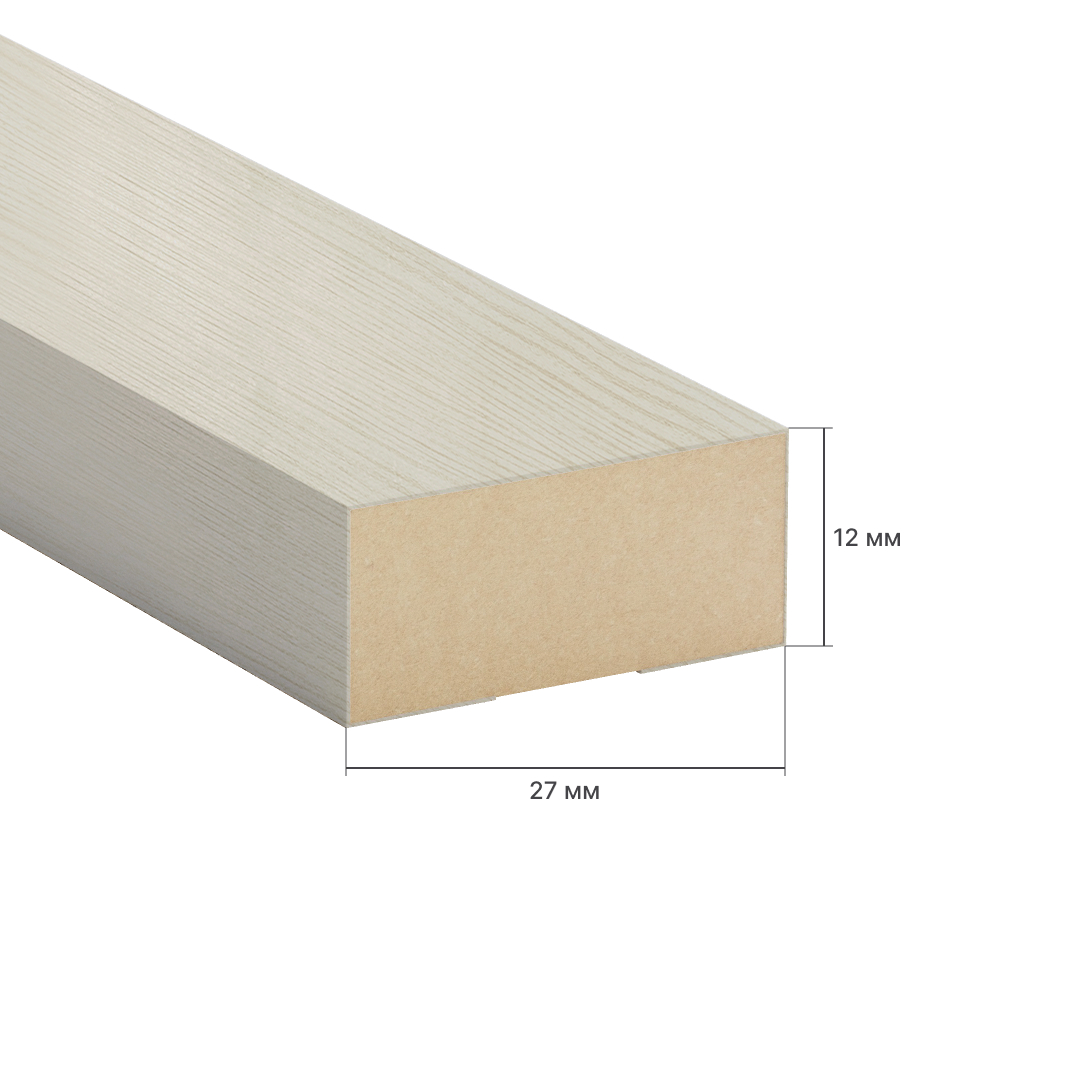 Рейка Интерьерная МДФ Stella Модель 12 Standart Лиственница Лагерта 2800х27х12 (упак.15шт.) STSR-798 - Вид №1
========
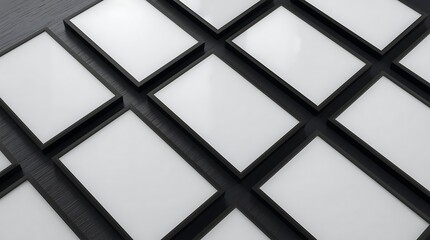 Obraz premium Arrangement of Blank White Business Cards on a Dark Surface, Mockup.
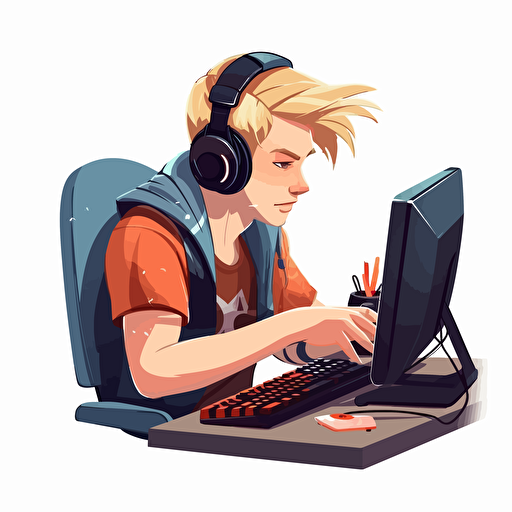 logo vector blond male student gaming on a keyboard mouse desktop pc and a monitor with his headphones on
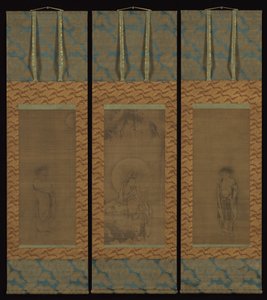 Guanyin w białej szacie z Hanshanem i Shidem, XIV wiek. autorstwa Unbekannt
========
#### Assignment:
Quote the data above exactly from the line with "Obraz premium Arrangement" to the line with "Guanyin w białej", both ends counted, and nothing else. Pictures don't go in.

#### Answer to the exercise:
 Obraz premium Arrangement of Blank White Business Cards on a Dark Surface, Mockup.
 logo vector blond male student gaming on a keyboard mouse desktop pc and a monitor with his headphones on
 Guanyin w białej szacie z Hanshanem i Shidem, XIV wiek. autorstwa Unbekannt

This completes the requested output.